Beliau pun satu2nya ulama yg mendapatkan gelar dari para ulama sebagai Raisul Akbar (Pimpinan terbesar)Nahdlotul Ulama (NU), setelah beliau tidak yg memakai gelar tsb. Bahkan dalam fakta sejarah tahun 1942 dari pemerintahan Jepang waktu di Indonesia, disitu tertuliskan bahwasanya ada kurang lebih 25.000 (dua puluh lima ribu) ulama atau kyai seluruh Indonesia bahkan ada yg dari luar negeri pernah berguru kepada KH Muhammad Hasyim Asy’ari. Oleh sebab itu para ulama juga menggelari beliau dgn gelar Hadratus Syaikh (Maha Guru yg Mulia).
Mbah Kyai Kholil Bangkalan gurunya, yang dianggap sebagai pemimpin spiritual (Qutub) para kyai di tanah Jawa sangat menghormati Kyai Hasyim. Dan setelah Kiyai Kholil wafat, banyak para ulama yg mengatakan KH. Hasyim-lah yang dianggap sebagai pemimpin spiritual (Qutub).

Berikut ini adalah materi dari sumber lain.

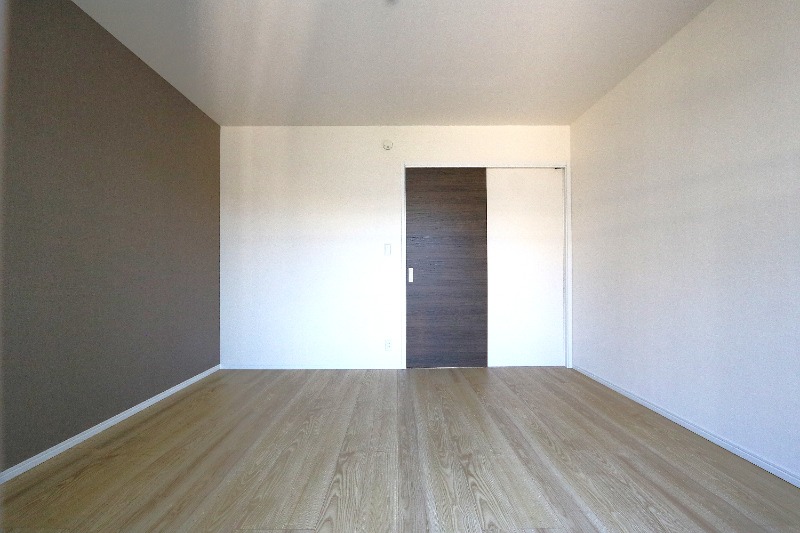 7帖超えの洋室で広々しています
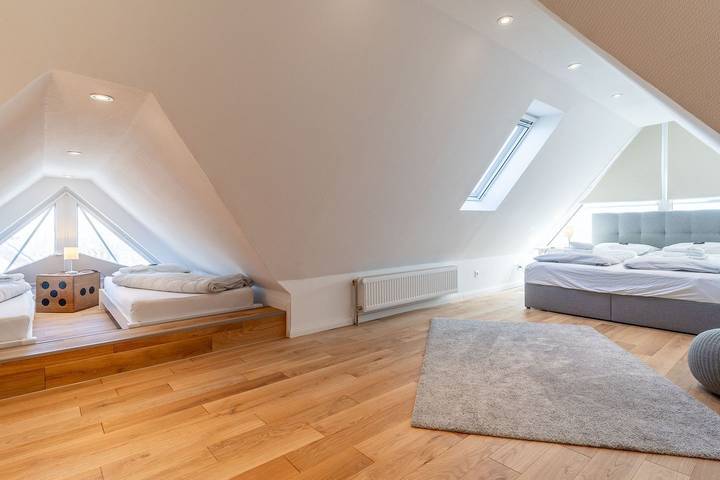 Ganze Wohnung, Charmante Maisonette-Wohnung "De Wohnstuv" – Ihr perfekter Urlaubsort in St. Peter-Bad, St. Peter-Ording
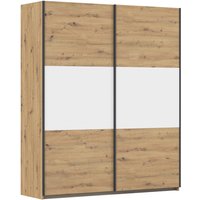 rauch Schwebetürenschrank "Kleiderschrank Schrank Garderobe Garderobenschrank Wäscheschrank NEO", (in 3 verschiedenen Ausstattungen BASIC/CLASSIC/PREMIUM), mit großzügigem Stauraum und vielfältigen Farbkombinationen von Rauch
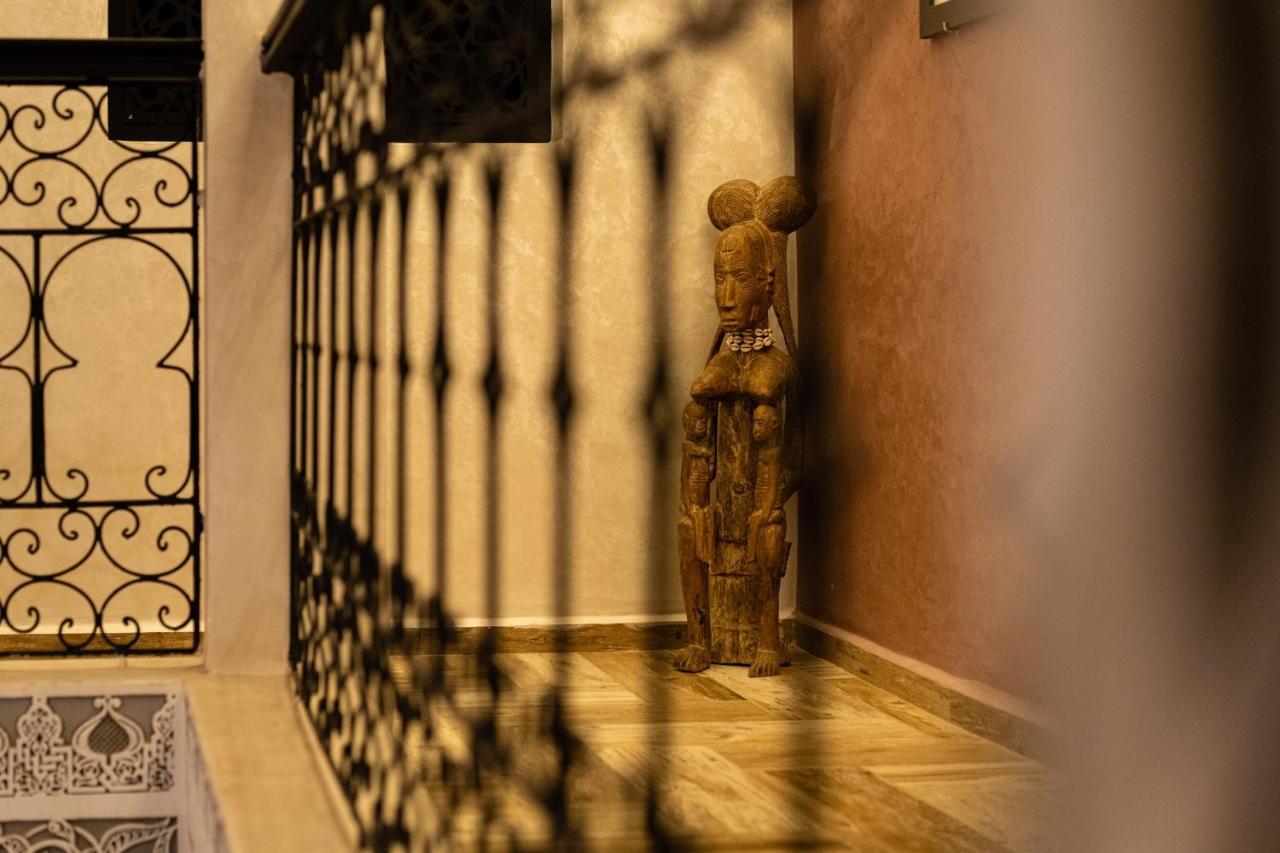 Riad Ksar Aylan Tajda Exteriér fotografie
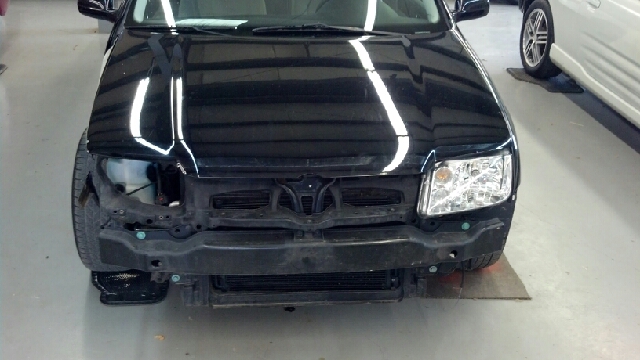 2002 Volkswagen Jetta Quad Cab 4x2 Shortbox XLT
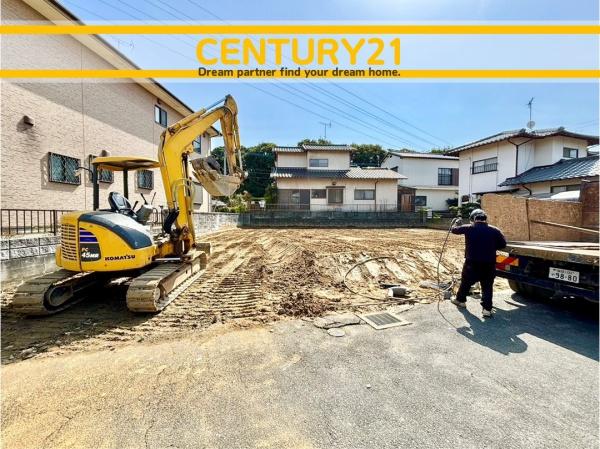 古賀市今の庄3丁目第十三　2号棟　全2棟
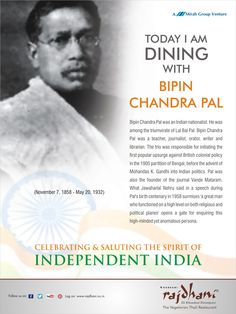 Bipin Chandra Pal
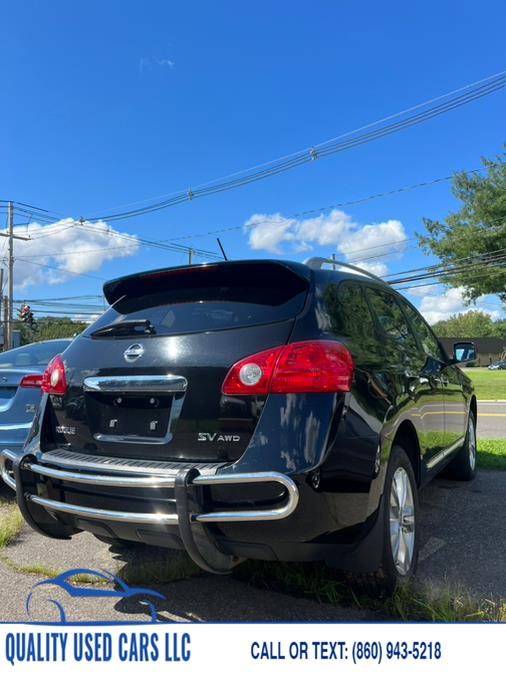 Nissan Rogue 2013 in Wallingford, Cheshire, Meriden, Middletown CT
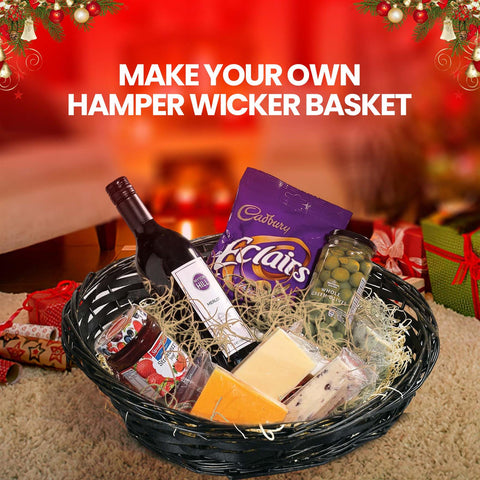 Christmas Hamper Basket Kits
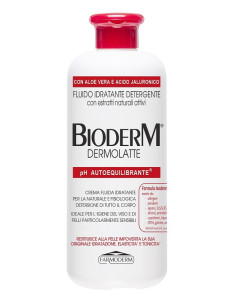 BIODERM DERMOLATTE 500ML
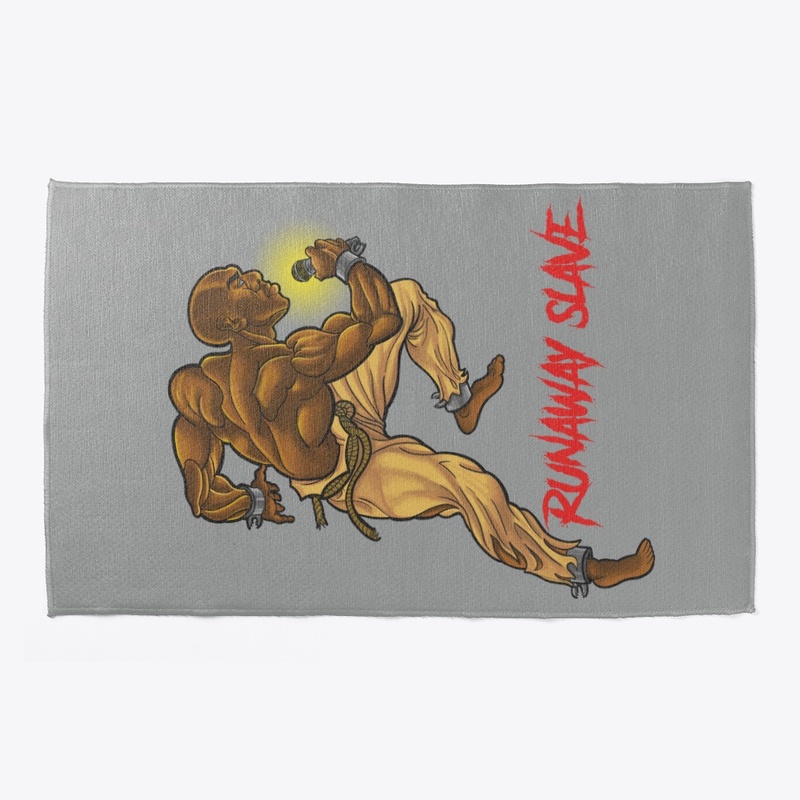RAS Logo Welcome Mat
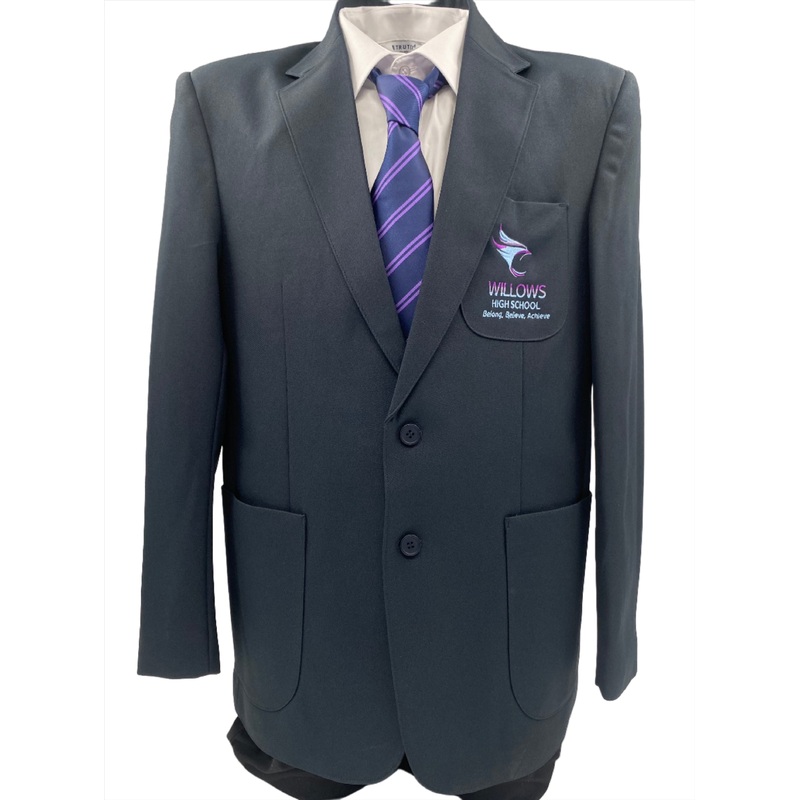Willows High School Blazer (Regular Fit)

Maka tidaklah heran jika banyak diantara santri2 yg telah belajar bertahun2 kepada Mbah Kyai Kholil bahkan santri2 tersebut banyak diantaranya merupakan teman dari bah Hasyim tidak jarang usianya lebih tua dari beliau, setelah mereka belajar dari Mbah Kholil Bangkalan banyak yg melanjutkan di makkah selama bertahun2.
Setelah mereka pulang ke Indonesia mereka masih menyempatkan diri untuk belajar lagi kepada Mbah Kyai Hasyim Asy’ari. Hal tsb juga di lakukan oleh ulama dan kyai2 lainya setelah lama belajar di Makkah, mereka pulang ke Indonesia mereka masih belajar lagi kepada Mbah Kyai Hasyim Asy’ari.
KH Zubair Umar al Jailani Salatiga Jawa Tengah beliau adalah salah satu murid dari Hadratus Syaikh Hasyim Asy’ari, setelah belajar kepada Mbah Kyai Hasyim Asyari Kyai Zubair melanjutkan pengembaraan ilmunya ke Makkah. Mbah Kyai Hasyim berpesan kepada Kyai Zubair untuk mendalami hadits setibanya di Makkah tetapi beliau lebih tertarik untuk memperdalam Ilmu Falak yang telah beliau dapatkan dari Mbah Kyai Hasyim.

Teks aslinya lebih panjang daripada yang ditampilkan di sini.